Exercise goal: An exact copy of all the data, minus the images, is required.

Input data:
________________
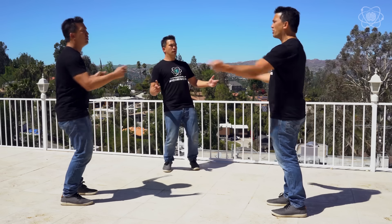Hi, I'm Jason Latimer, world champion of magic, and today... Hey, I'm Jason Latimer. But if you're Jason Latimer, who am I? What?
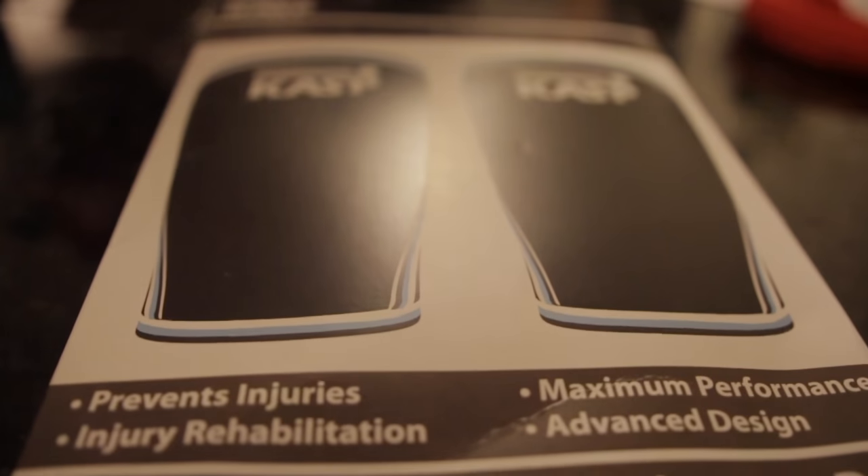Hey guys, thank you for watching and tuning into this product review. I did do an unboxing inside the gym this evening, but this is to review and also compare two knee sleeves that I own. One was sent over by Philip over at Casp — thank you Philip very much for the product.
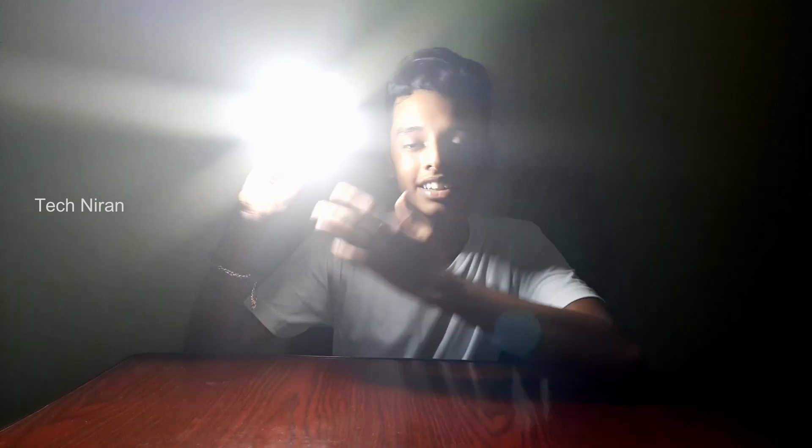This is the idea. This is the emergency bulb. This is the current bulb. It is useful. This is the emergency bulb.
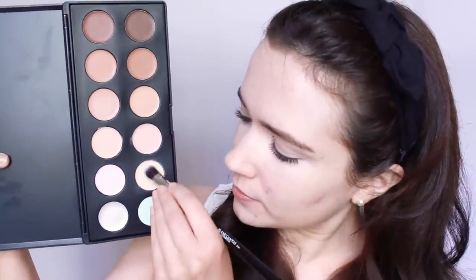For redness, try yellow or green correctors. We all have some form of unwanted redness found in our skin — this is one of the best ways to counteract that.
________________
Answer to the problem:
Hi, I'm Jason Latimer, world champion of magic, and today... Hey, I'm Jason Latimer. But if you're Jason Latimer, who am I? What?
Hey guys, thank you for watching and tuning into this product review. I did do an unboxing inside the gym this evening, but this is to review and also compare two knee sleeves that I own. One was sent over by Philip over at Casp — thank you Philip very much for the product.
This is the idea. This is the emergency bulb. This is the current bulb. It is useful. This is the emergency bulb.
For redness, try yellow or green correctors. We all have some form of unwanted redness found in our skin — this is one of the best ways to counteract that.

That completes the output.